> _What to produce_
Please repeat, exactly and without pictures, the lines of the entries below that run from the one containing "Фото 13 - HYUNDAI ELANTRA" through the one containing "2651 S 4th Street, Kalamazoo, MI 49009".

> _Records provided_
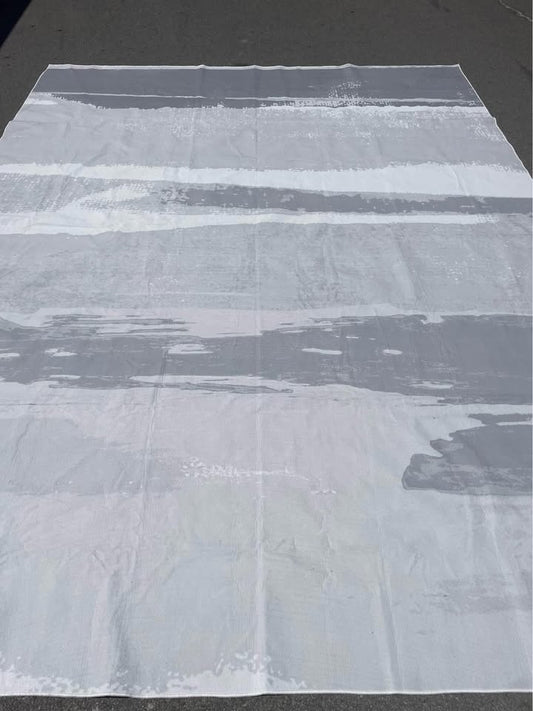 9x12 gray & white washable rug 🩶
---
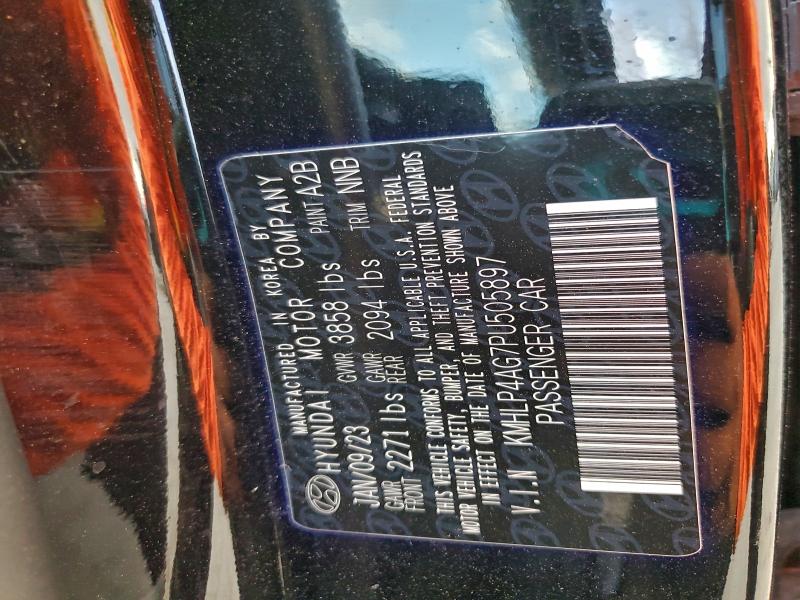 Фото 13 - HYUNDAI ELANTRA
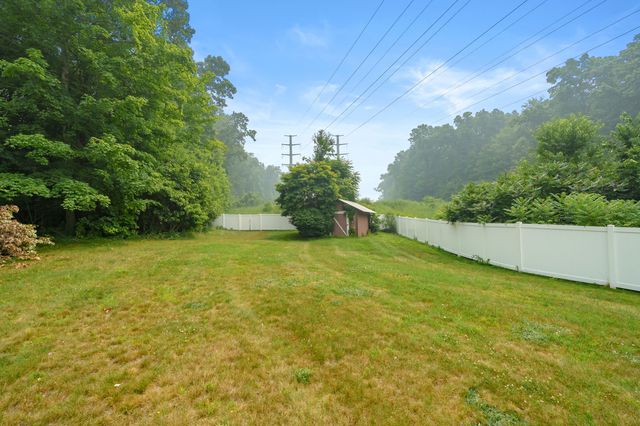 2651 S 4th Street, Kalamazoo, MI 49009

> _Result of this task_
 Фото 13 - HYUNDAI ELANTRA
 2651 S 4th Street, Kalamazoo, MI 49009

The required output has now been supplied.